Every complex technology requires manageability to be economically sustainable.

— Carlos E. Perez (from defunct Manageability blog)

This is a very important consideration that is often overlooked by many in the field of Artificial Intelligence (AI). I suspect there are very few academic researchers who understand this aspect. The work performed in academe is distinctly different from the work required to make a product that is sustainable and economically viable. It is the difference between computer code that is written to demonstrate a new discovery and code that is written to support the operations of a company. The former kind turns to be exploratory and throw away while the latter kind tends to be exploitive and requires sustainability. These two kinds are intrinsically two ends of the spectrum.
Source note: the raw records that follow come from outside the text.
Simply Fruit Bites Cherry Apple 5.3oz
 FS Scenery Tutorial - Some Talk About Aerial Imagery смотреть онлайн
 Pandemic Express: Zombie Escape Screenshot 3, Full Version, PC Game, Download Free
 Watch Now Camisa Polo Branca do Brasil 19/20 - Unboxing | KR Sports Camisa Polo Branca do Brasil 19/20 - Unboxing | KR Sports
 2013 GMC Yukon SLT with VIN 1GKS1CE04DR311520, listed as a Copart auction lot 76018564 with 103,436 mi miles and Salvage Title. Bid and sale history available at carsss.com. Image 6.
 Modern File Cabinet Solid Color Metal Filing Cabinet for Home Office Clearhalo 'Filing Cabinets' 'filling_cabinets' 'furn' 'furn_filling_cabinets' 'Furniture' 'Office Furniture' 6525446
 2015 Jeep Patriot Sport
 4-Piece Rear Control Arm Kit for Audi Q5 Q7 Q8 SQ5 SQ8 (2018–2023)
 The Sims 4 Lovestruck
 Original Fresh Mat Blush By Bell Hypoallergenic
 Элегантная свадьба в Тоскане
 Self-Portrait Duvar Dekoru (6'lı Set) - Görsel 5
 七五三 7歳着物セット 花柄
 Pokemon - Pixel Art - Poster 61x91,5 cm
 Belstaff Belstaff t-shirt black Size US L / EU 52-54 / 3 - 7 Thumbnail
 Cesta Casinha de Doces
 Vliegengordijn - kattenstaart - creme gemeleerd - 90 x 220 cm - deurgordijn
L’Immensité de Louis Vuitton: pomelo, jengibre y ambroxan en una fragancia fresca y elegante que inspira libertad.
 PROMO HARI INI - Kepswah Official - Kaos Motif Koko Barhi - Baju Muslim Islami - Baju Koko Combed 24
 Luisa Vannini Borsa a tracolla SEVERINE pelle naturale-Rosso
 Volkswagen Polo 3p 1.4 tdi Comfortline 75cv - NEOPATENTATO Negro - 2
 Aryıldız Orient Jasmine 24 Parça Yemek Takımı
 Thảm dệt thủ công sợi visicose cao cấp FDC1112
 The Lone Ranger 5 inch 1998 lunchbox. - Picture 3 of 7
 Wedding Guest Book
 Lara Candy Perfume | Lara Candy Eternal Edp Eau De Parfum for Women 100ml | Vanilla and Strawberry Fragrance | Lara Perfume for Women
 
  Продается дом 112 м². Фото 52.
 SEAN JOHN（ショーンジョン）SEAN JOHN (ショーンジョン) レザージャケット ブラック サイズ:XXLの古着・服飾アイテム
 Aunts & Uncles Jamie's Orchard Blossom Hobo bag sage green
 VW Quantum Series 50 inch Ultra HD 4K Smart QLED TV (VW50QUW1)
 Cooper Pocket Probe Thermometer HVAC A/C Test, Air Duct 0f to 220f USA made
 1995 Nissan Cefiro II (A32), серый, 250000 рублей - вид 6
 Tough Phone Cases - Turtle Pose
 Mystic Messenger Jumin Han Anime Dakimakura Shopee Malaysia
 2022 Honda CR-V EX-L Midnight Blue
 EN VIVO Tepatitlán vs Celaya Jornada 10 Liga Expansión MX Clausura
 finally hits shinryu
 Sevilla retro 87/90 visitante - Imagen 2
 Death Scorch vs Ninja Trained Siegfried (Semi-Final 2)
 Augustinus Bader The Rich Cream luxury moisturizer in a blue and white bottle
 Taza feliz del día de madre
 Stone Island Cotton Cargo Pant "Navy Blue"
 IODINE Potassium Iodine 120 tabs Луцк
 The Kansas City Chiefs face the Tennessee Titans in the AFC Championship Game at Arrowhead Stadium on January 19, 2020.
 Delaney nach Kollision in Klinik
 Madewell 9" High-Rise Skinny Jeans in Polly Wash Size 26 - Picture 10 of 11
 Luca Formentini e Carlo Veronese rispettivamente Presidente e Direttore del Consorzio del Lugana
There are many areas where it is very clear as to how AI can be of great benefit. However, we need to pause and consider the manageability of a proposed system. In a messy world of ever-changing needs and of systems that always fail, how then shall we build systems where the value to us far exceeds the cost of maintaining them. We will fail in deploying AI if we have little understanding of how to scale their deployment. AI is in dire need of operating environments where technical debt is contained and innovation is allowed to flourish unconstrained.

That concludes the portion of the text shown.